|
|
There are two main programs
in this example. Both of them use the .h
files and the hash.cpp
file.
The main function for the first program is in hashmake.cpp. This program
builds a hash table from the data in the hash.txt
file. The hash table is placed in a file named hash.dat.
The second program has its main function in the hashread.cpp file. This
program allows the user to interactively look up data in the hash table. It
reads this data from the hash.dat
file, of course. Note that this example uses coalesced chaining (a linked list
inside the table with all items after the first in an overflow area of the
table).
Let's see how it works.
The file is organized as a binary file of
records.
Each record has an Info and a Next field.
The Next field will contain the record number
for the next record in the linked list (when we have to chain nodes together)
or a -1 as a fake NULL pointer.
Record 0 (the first record in the file) is
not used to hold node data at all. Instead, it holds in Info.KeyField the
number of items in the table. That way this count is stored permanently, along
with the file. When an empty table is first created, the entire file is filled
with empty nodes.
·
Thus, the special
record 0, followed by empty nodes 1 through MaxFile = 150 are written to the
file. These nodes are marked as empty by placing 0 in the KeyField locations.
(This assumes that 0 is not a normal KeyField value.)
·
The regular part
of the table includes nodes 1 through Prime = 101, and the overflow area is
from node 102 to node MaxFile = 150. A field of the HashTableClass object,
called OverflowIndex, is used to keep track of the next free record for
overflow use. (Thus OverflowIndex is initially set to 102. If it reaches 151,
the overflow area is full.)
The following is a drawing of a
HashtableClass object, showing the five data fields.
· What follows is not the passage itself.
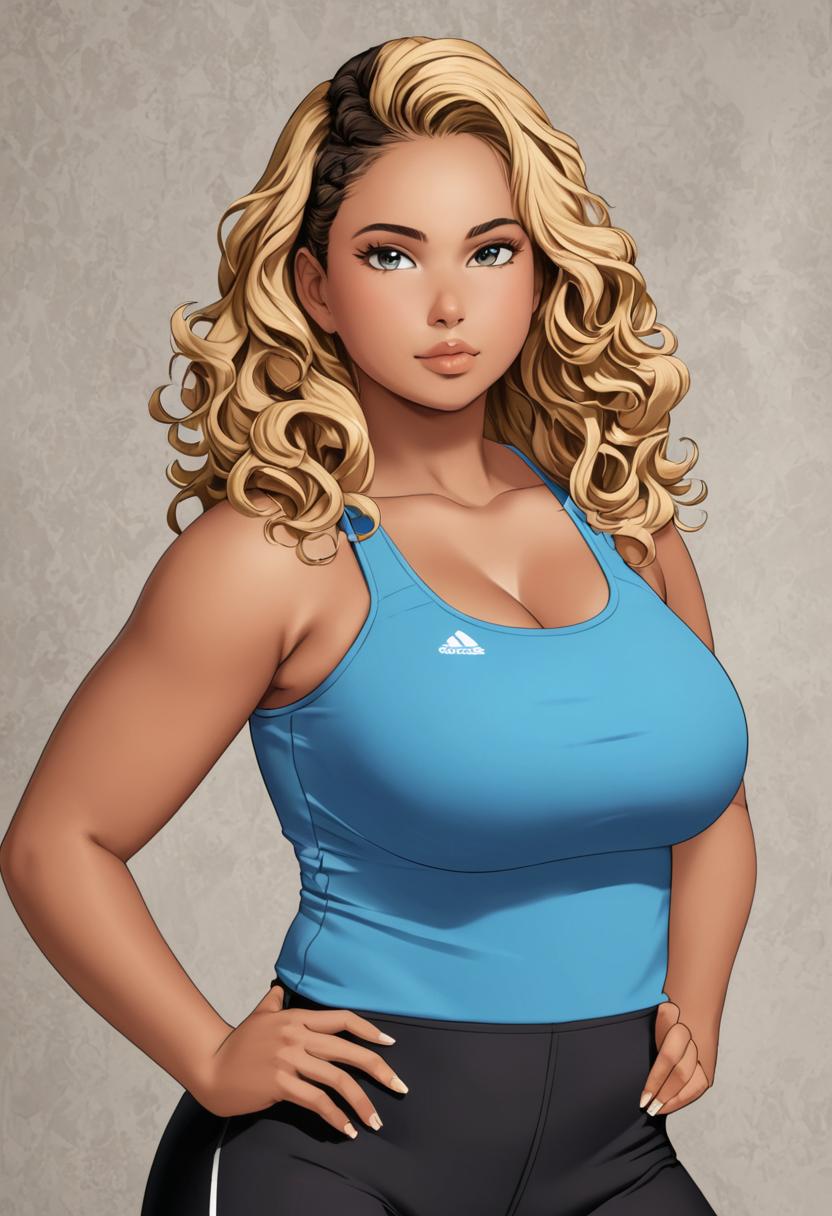 Avatar of AI Girlfriend Kiley Hendricks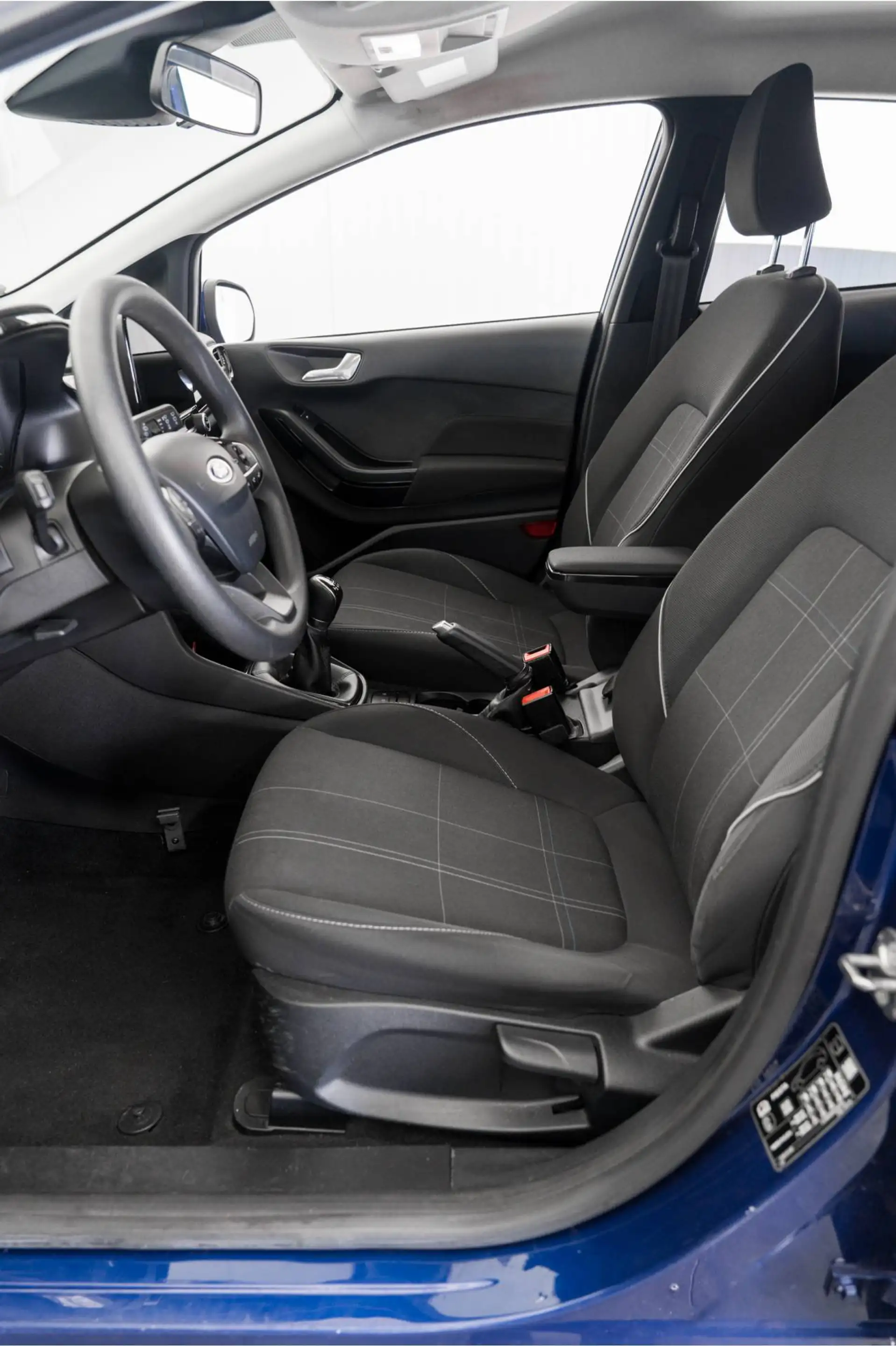 Ford Fiesta 1.1 Trend Cruise control|Applecarplay|Navigatie| — photo 23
Note that the OpenMode field contains
the character r or w, indicating whether the table has been opened in read or
write mode. NodeSize is the number of bytes per node. Since this value is often
needed, it is convenient to store it in a field of the object. The DataFile
field is an fstream object containing information about the file where the
table's data is held. The details of an fstream object are beyond what we will
study here, but include information such as the current position in the file.
![[hash table]](hash_files/image003.jpg)
Note that when we open a hash table in write
mode, we really open the underlying data file, hash.dat for both input and output. We also
specify that it is a binary file. Depending on your compiler, you may need to
use ios::trunc
as was done here. This tells the program to truncate (erase) any existing file
by the same name when the open is carried out.
The data for this program is read from a text
file, hash.txt, that contains an integer (long) followed by a name (character
string), with these items on separate lines. To make it easy to read in the
strings, no spaces are used. Rather, underscores are used where spaces would normally
appear, as in Bill_Clinton, the name that goes with key value 7.
If you run the hashmake program from within the Visual C++
environment you need to be sure that the hash.txt file is in the project
directory for this program. If instead you want to run the program by double
clicking on the hashmake.exe
file in MyPrograms, then you want hash.txt to be in the same directory (usually
the Debug directory) that contains hashmake.exe.
The
hash function used is hash(key) =
(key % prime) + 1. The + 1 is there because record 0 is not used for table
data. Thus the hash function has to produce the integers from 1 to prime. When
inserting an item in the table, the item's key value is hashed to produce the
desired location. The record at that location is read and its Info.KeyField
examined to see if it is 0 (which indicates an unused record). If so, a record
containing the item is written to the file at this location. If, however, the
location produced by the hash function is in use, we insert the item at the
location given by OverflowIndex (unless OverflowIndex > MaxFile, which means
that the overflow area is full). The new record written to this location
contains item and a Next field containing the record number from the Next field
of the record at the location produced by the hash function. Finally, the
record at the location produced by the hash function is rewritten so as to
contain in its Next field OverflowIndex, the location of our newly inserted
node. OverflowIndex is then incremented, of course. Note that after writing the
above 2 records to the file, we have correctly linked the new record into the
linked list of records hashing to that same location, with the new record added
as the second record of the list.
The following drawing shows our hash table
after 4 items have been inserted. One item hashed to location 1 and was
inserted there. The other 3 items hashed to location 3, so that two of them had
to be placed in the overflow area. Note how these three are linked together in
a linked list via the Next field values. Also note how the number of items (4
in this case) is stored in the NumItems field in the object, as well as in node
0 in the file. (However, node 0 is only updated when we finish using the table.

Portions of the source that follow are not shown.